Advantages of Userdefined functions over Stored Procedures

I have some doubt regarding user defined functions. I would like to know why / when to use functions.
What are the advantages of functions over stored procedure?
Researching via google I have seen articles suggesting:
stored procedure are more advantageous than functions.
function have limited error handling
functions cannot use temporary tables
functions cannot call stored procedures.
The only advantage of function is we can use function as inline queries.
I can get the same result with stored procedure by using temporary tables, but i need to know which scenario to use functions compared to stored procedure.
I need to know why we need UDf , when most of the functionalities provided by UDF can be done by Stored procedure.
Can any one guide me over this.
The main difference (advantage) is that you can call functions inline unlike stored procedures
e.g.
SELECT dbo.fxnFormatName(FirstName, LastName) AS FormattedName
FROM MyTable
SELECT *
FROM dbo.fxnTableReturningFunction() x
User defined functions can return TABLE type data and then the function can then be called within a query as demonstrated above. With a sproc, you'd have to execute it and store the results into a temporary table in order to then manipulate/query the resultset further.
On the flip side, yes you are limited as to what you can do in a function. e.g. you can't use dynamic sql, and pre-SQL 2005 you can't use non-deterministic functions like GETDATE() within a function.
An example of when you may want to use functions, is to wrap up common "formatting" functionality as shown in the first example above - rather than repeat the logic to format a first and last name into one in every query, you wrap it in a function and call that everywhere. Typically I'd recommend leaving the formatting up to the UI but it's a simple example of where/why you might use.
Also, it can often be nicer to not have to create temp tables to hold results from a sproc in order to query it further. If the sproc changes and returns more columns, you'd also need to change everywhere that loads the results into a temp table to synch the schema of the table table it uses to hold the results with the new schema returned. You don't have this problem with the function approach as there is no temp table to be maintained.
There are three types of functions: Scalar, Inline Table and Table Valued.
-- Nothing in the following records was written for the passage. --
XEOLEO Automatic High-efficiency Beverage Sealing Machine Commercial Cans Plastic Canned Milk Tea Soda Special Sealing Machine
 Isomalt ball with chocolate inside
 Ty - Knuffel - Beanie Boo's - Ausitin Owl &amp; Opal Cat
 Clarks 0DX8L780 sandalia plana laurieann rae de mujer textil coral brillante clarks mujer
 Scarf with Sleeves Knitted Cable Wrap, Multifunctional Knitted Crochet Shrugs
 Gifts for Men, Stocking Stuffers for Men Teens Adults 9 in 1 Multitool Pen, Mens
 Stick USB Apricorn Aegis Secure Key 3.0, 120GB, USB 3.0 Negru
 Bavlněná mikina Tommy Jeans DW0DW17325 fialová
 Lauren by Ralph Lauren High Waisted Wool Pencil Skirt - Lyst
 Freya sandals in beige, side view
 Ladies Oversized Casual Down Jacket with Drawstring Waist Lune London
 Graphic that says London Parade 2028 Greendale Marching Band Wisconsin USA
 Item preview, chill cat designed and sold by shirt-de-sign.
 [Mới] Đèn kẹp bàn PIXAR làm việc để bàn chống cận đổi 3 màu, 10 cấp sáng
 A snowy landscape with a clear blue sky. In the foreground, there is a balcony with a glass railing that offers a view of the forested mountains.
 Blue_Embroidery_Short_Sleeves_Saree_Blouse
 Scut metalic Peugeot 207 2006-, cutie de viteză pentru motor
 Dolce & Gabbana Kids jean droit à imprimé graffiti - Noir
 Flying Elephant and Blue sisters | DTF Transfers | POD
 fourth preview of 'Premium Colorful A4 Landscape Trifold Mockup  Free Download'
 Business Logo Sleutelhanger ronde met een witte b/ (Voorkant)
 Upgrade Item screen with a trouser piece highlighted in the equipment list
Generally speaking, Scalar & Table Values functions can lead to performance problems, seeing as the Query Optimiser doesn't do very well at optimisation of the use of those types of functions. The performance of Inline Table function is just fine, however.
There is a Connect request to create a new type of scalar function here: The Scalar Expression function would speed performance...
I hope that people do vote for that one, because it would improve performance greatly by allowing the query optimiser to inline functional expressions and take advantage of statistics etc just as it would for a normal query.
The main "disadvantage" of user-defined functions is that they are called for each row. So, if you have such a function in the SELECT list and you're operating on larger sets, there are good chances that your performance will suffer.
Advantage of Mysql Stored Procedure
Multiple applications are running in multiple environment and need to use the same database. By using stored procedure you can make your business logic independent of programming language.
When security is main concern use of stored procedure is vital. By doing your operation through the database you can log your all performed action. Banking site is the best example.
If you are using stored procedure then you do not have table access directly which is one more way to secure the data and transaction.
Stored procedure increases performance of your application sometime
If your application is big or your database server on remote system then by using stored procedure you can decrease the traffic between your database server and application server.
Since stored procedure is written in your database server and application call it sepratly then the degree of re-usability.